A Somali Fisherman Catches a Shoe
 
“Beat. Bite. Bat. Boat.” I was teaching a group of immigrants, most of them Somali refugees, to pronounce different vowel sounds during a beginning English class one morning at the Adult Learning Center in Lewiston. I asked if they knew what “boat” meant.
 
“Water,” said one person.
 
“Swim,” said another.
 
A Somali woman wearing a bright shawl over her head and a long dress picked up a yardstick and pretended to pole a small boat through the water. People began to laugh. Someone said, “Fish.” Suddenly the pole became a spear, and she began spearing imaginary fish swimming across the floor. She was back in the village where she was born, on the shore of the Jubba River, in southern Somalia.
 
She sat perfectly still, carefully searching the linoleum tiles. She jabbed the spear against the floor first to her right. Once, twice. Then to her left. Again and again. I took off my shoe and slid it toward her on the floor. She speared my shoe, lifted it up, and put it on the table beside her. The spear was now a knife. She chopped off the fish’s head, scraped off its scales, and began fishing again. Then she caught my other shoe. Another Somali woman came up to the boat. She wanted to buy a fish for dinner. She paid for it with a piece of paper ripped from her vocabulary notebook. “Ten dollars,” she said. Then she put the fish on a pan over the fire she had lit on the table. When I reached over to pick it up, she scolded me: “Hot! Fire!” Then she served it to me on a piece of paper. It was delicious.
 
By now the entire class had dissolved in laughter, smiling, joking, and speaking Somali together. It was eleven o’clock; class was over. One by one, they stood up, put away their notebooks and pencils, and left the room. “Good-by, teacher! Thank you!
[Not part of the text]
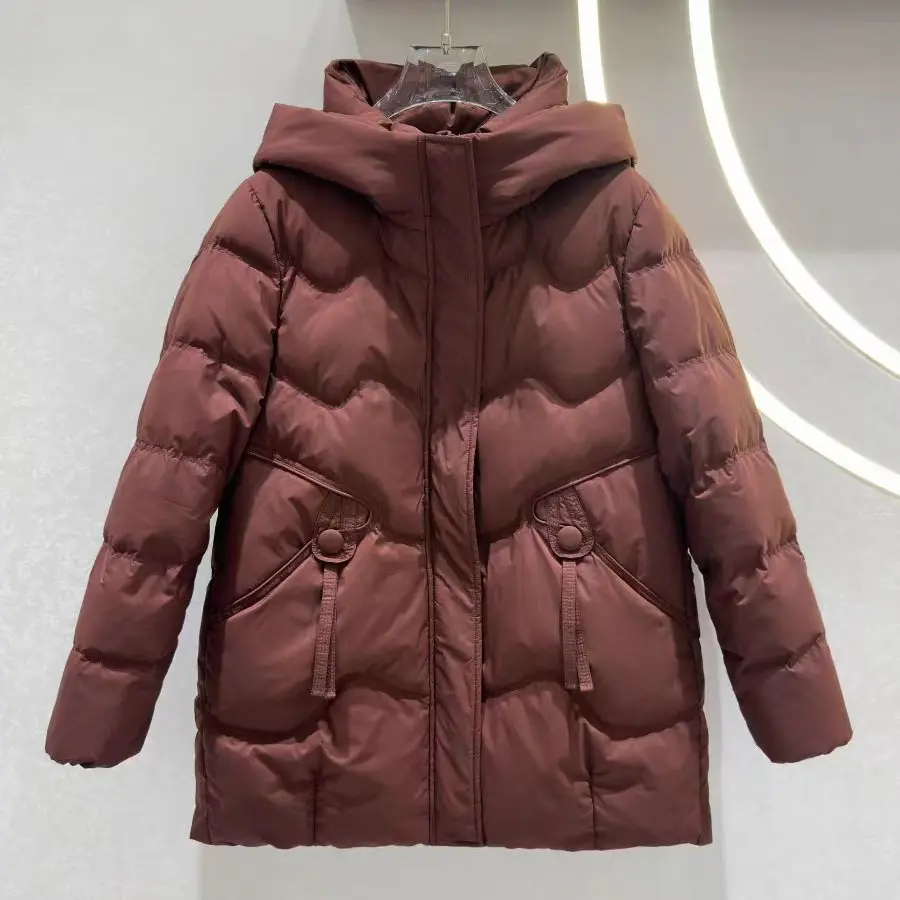 中老年妈妈冬季连帽宽松大码加厚保暖棉服外套休闲时尚女装棉袄90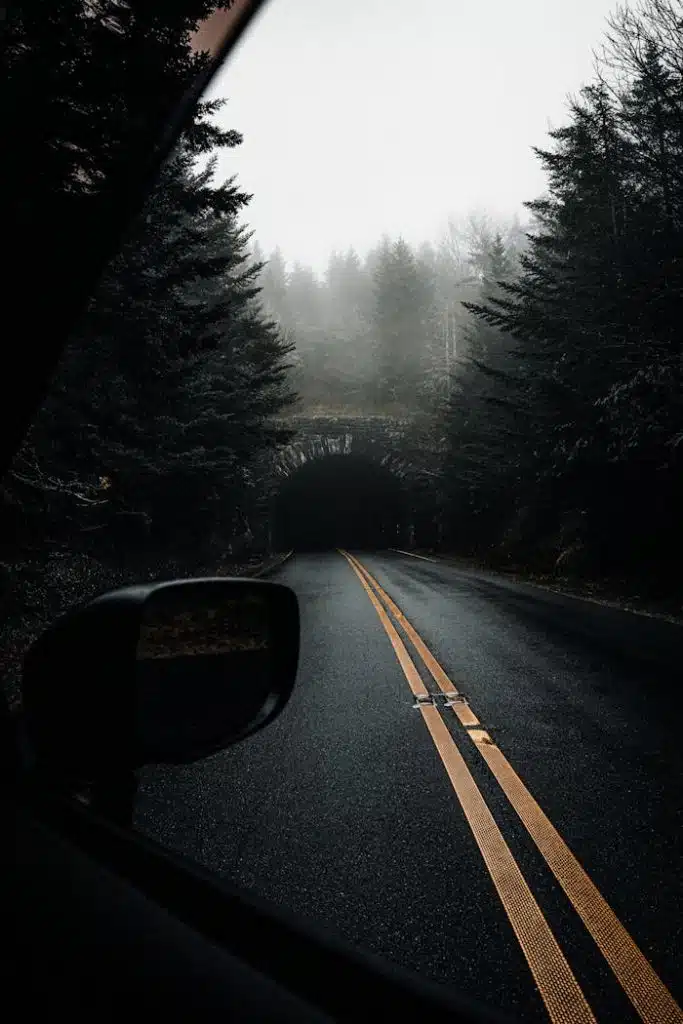 Car Approaching a Dark Tunnel in a Forest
See you Thursday!”
 
A small miracle had just taken place. With a little imagination, a yardstick, and a shoe, the Somali refugees in our class had been magically transported back to their world, to a Somali village before the outbreak of the Civil War in 1991, before their houses had been destroyed and their family members killed. Before they walked for days to reach refugee camps in Kenya. Before hundreds of thousands of Somalis had died or been driven into exile.
 
I sometimes try to imagine what it would be like if a civil war broke out in Lewiston tomorrow. Armed men break into my house and threaten to kill my family unless I give them all our money and all our food. They burn down our house, and we start walking to Boston. After ten years in a tent in a refugee camp there, we suddenly find ourselves transported to a Somali village. We’re totally dependent on others. I can’t provide for my family. We have nowhere to live and nothing to eat. I don’t know how to speak Somali and I don’t know how to spear fish.
 
When this Somali woman was spearing fish – in her imagination at the Adult Learning Center or in reality back in her village before the civil war – she was fully engaged in her world. She was proud; she had valuable skills and a purpose in life. She was a fisherman; she could catch fish to feed her family. She was a merchant; she could sell fish to earn money for her family. She was a productive member of her society.
 
In Lewiston things are different. She can’t speak English; there are no fish to spear or sell. Some people resent the fact that she is here. They complain that she lives off government programs like food stamps and subsidized housing. But she is trying hard to learn English, acquire new skills, and find a job. Her children are going to school; they will grow up and make a positive contribution to their society – to our society – just as generations of immigrants from Canada, Ireland, Greece, and China have done before.
 
Loring Danforth volunteers as an English teacher at the Adult Learning Center in Lewiston.